Our major multiplayer action game of our benchmark suite is Battlefield 3, DICE’s 2011 multiplayer military shooter. Its ability to pose a significant challenge to GPUs has been dulled some by time and drivers, but it’s still a challenge if you want to hit the highest settings at the highest resolutions at the highest anti-aliasing levels. Furthermore while we can crack 60fps in single player mode, our rule of thumb here is that multiplayer framerates will dip to half our single player framerates, so hitting high framerates here may not be high enough.

For our Battlefield 3 benchmark NVIDIA cards have consistently been the top performers over the years, and as a result this is one of the hardest fights for any AMD card. So how does the 290X fare? Very well, as it turns out. The slowest game for the 290X (relative to the GTX 780) has it losing to the GTX 780 by just 2%, effectively tying NVIDIA’s closest competitor. Not only is the 290X once again the first single-GPU AMD card that can break 60fps average on a game at 2560 – thereby ensuring good framerates even in heavy firefights – but it’s fully competitive with NVIDIA in doing so in what’s traditionally AMD’s worst game. At worst for AMD, they can’t claim to be competitive with GTX Titan in this one.

Moving on to 4K gaming, none of these single-GPU cards are going to cut it at Ultra quality; the averages are decent but the minimums will drop to 20fps and below. This means we either drop down to Medium quality, where 290X is now performance competitive with GTX Titan, or we double up on GPUs, which sees the 290X CF in uber mode take top honors. This game happens to be another good example of how the 290X is scaling into 4K better than the GTX 780 and other NVIDIA cards are, as not only does AMD’s relative positioning versus NVIDIA cards improve, but in heading to 4K AMD picks up a 13% lead over the GTX 780. The only weak spot here for AMD will be performance scaling for multiple GPUs, as while the 290X enjoys a 94% scaling factor at 2560, that drops to 60% at 4K, at a time where NVIDIA’s scaling factor is 76%. The 290X has enough of a performance lead for the 290X CF to hold out over the GTX 780 SLI, but the difference in scaling factors will make it cut close.

Meanwhile in an inter-AMD comparison, this is the first game in our benchmark suite where the 290X doesn’t beat the 280X by at least 30%. Falling just short at 29.5%, it’s a reminder that despite the similarities between 290X (Hawaii) and 280X (Tahiti), the performance differences between the two will not be consistent.
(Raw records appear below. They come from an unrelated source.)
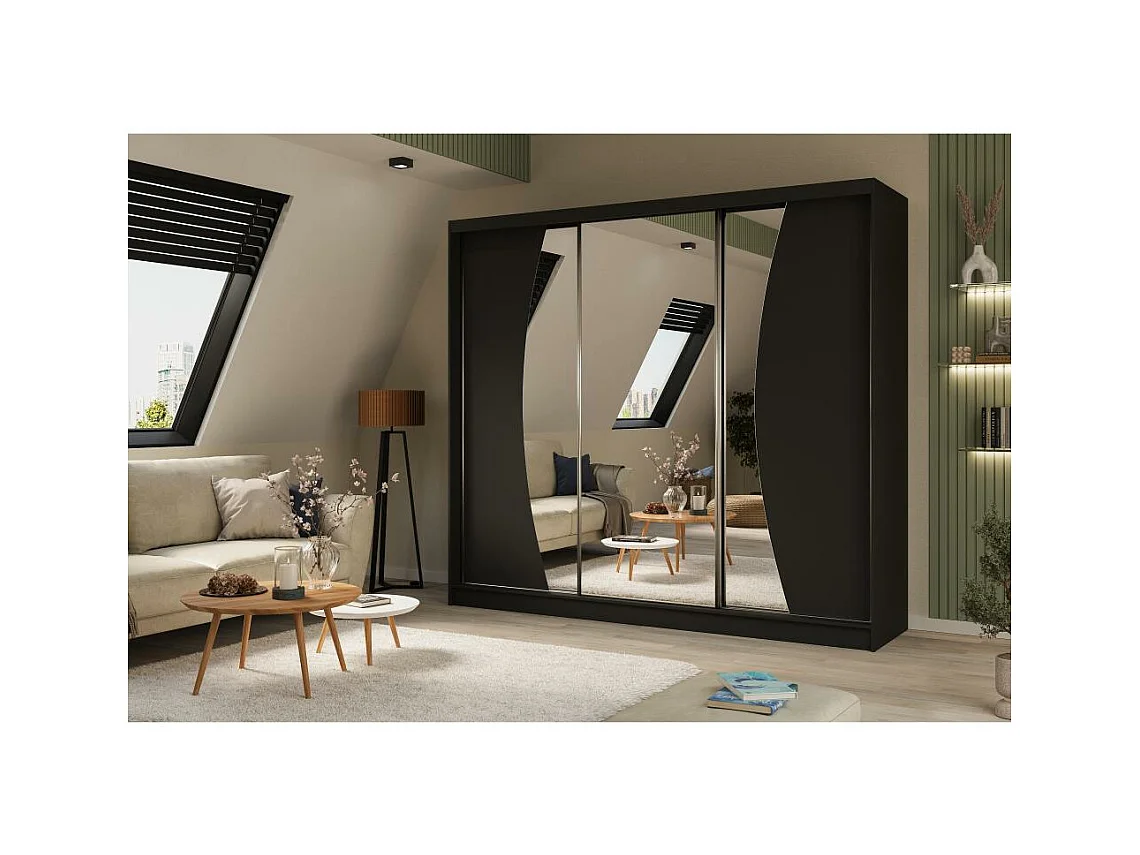 ARMOIRE À PORTES FERMÉES Vox 240/216/61 noir avec miroir et tiroirs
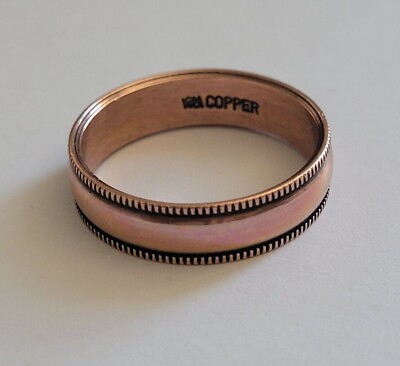 #ad Solid Copper Fluted Edge 6mm Band Ring Arthritis Pain Therapy Pure Copper Ring $19.75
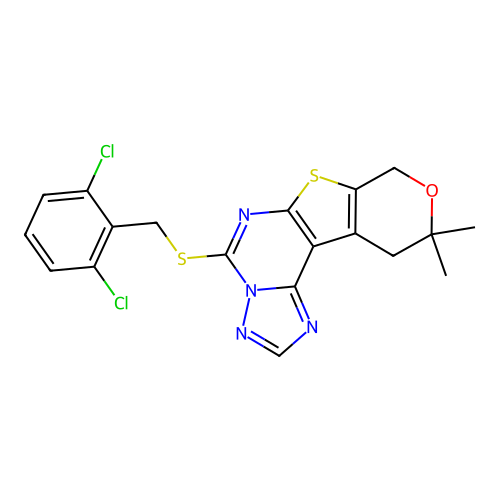5-((2,6-dichlorobenzyl)thio)-10,10-dimethyl-10,11-dihydro-8H-pyrano[4',3':4,5]thieno[3,2-e][1,2,4]triazolo[1,5-c]pyrimidine structure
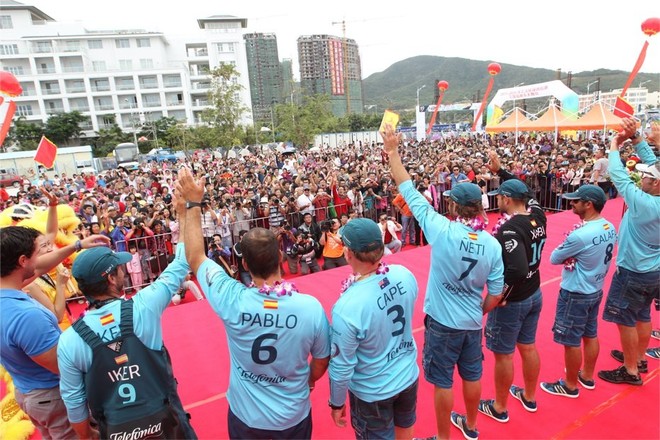 Leg 3 finish Volvo Ocean Race, Sanya, China © Ian Roman/Volvo Ocean Race http://www.volvooceanrace.com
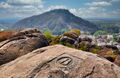 The Footprints of Chandragupta Maurya on Chandragiri hill Hill, where Chandragupta (the unifier of India and founder of the Maurya Dynasty) performed Sallekhana.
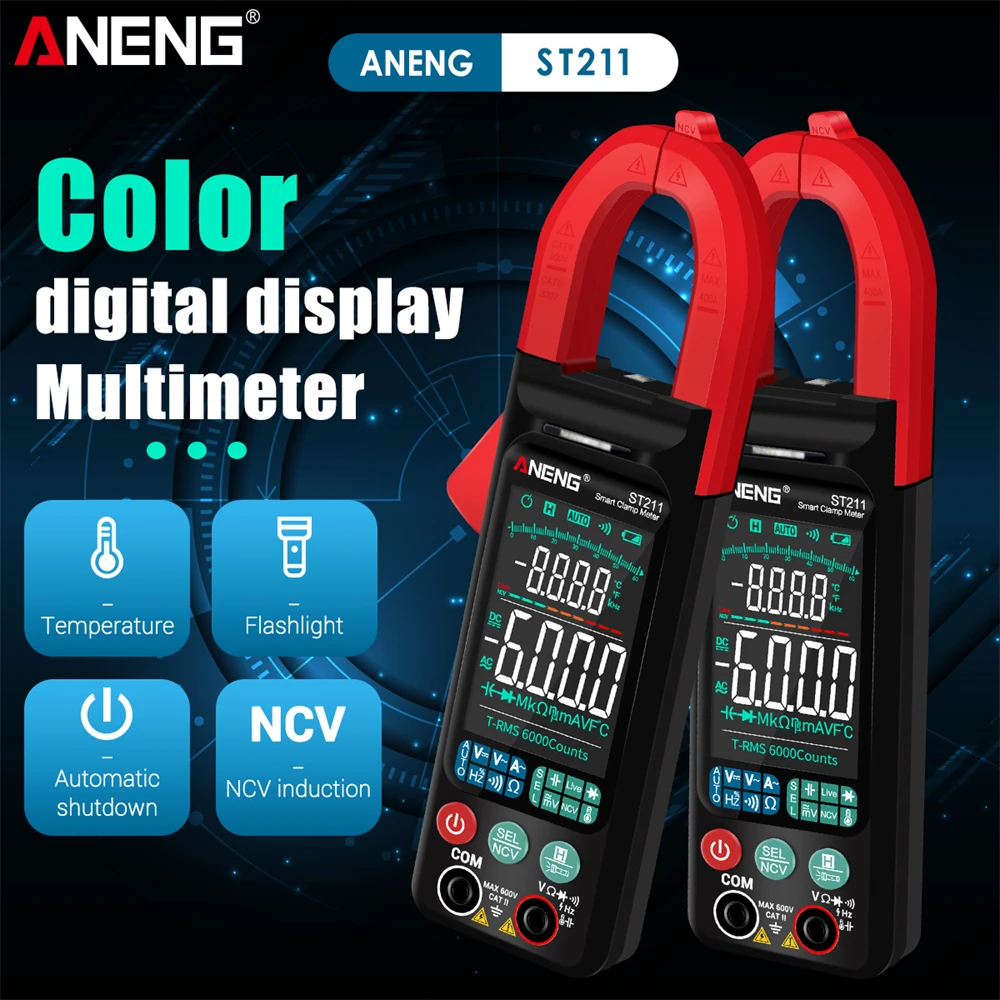 ANENG ST211 Digital Clamp Meter 6000 Counts Multimeter AC Voltage Current Tester Car Amp Hz Big Color Screen NCV Ohm Test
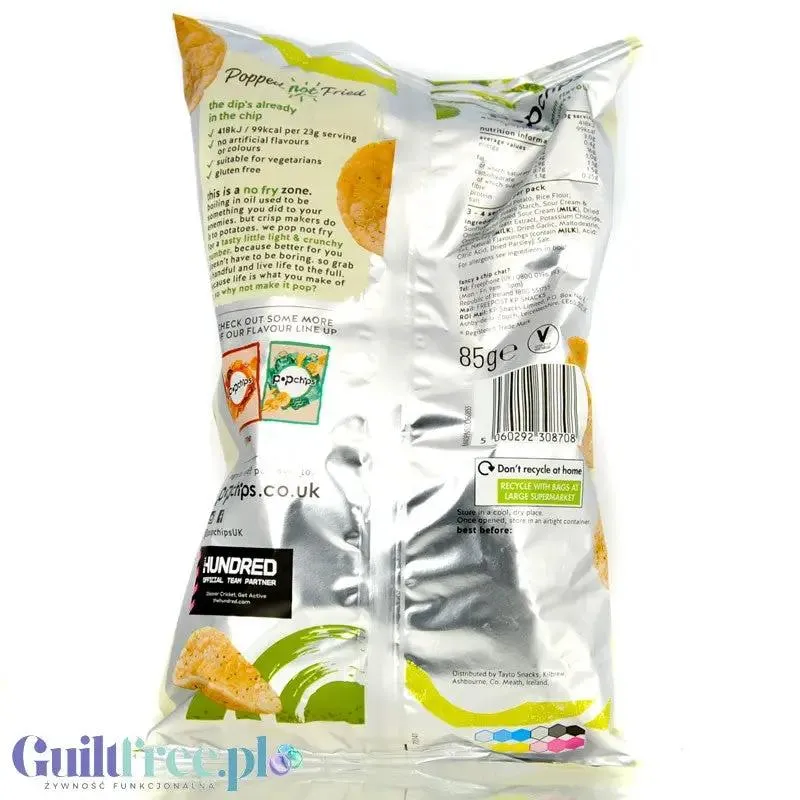 Popchips Cream & Onion 85g - pieczone chipsy 50% mniej tłuszczu, smak Śmietanka & Cebulka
Looking at our delta percentages, this is another strong showing for the 290X CF, especially as compared to the 280X CF. AMD has once again halved their variance as compared to the 280X CF, bringing it down to sub-10% levels. This despite the theoretical advantage that the dedicated CFBI should give the 280X. However AMD can’t claim to have the lowest variance of any multi-GPU setup, as this is NVIDIA’s best game, with the GTX 780 SLI seeing a variance of only 6%. It’s a shame not all games can be like this (for either vendor) since there would be little reason not to go with a multi-GPU setup if this was the typical AFR experience as opposed to the best AFR experience.

Finally, looking at delta percentages under 4K shows that AMD’s variance has once again risen slightly compared to the variance at 2560x1440, but not significantly so. The 290X CF still holds under 10% here.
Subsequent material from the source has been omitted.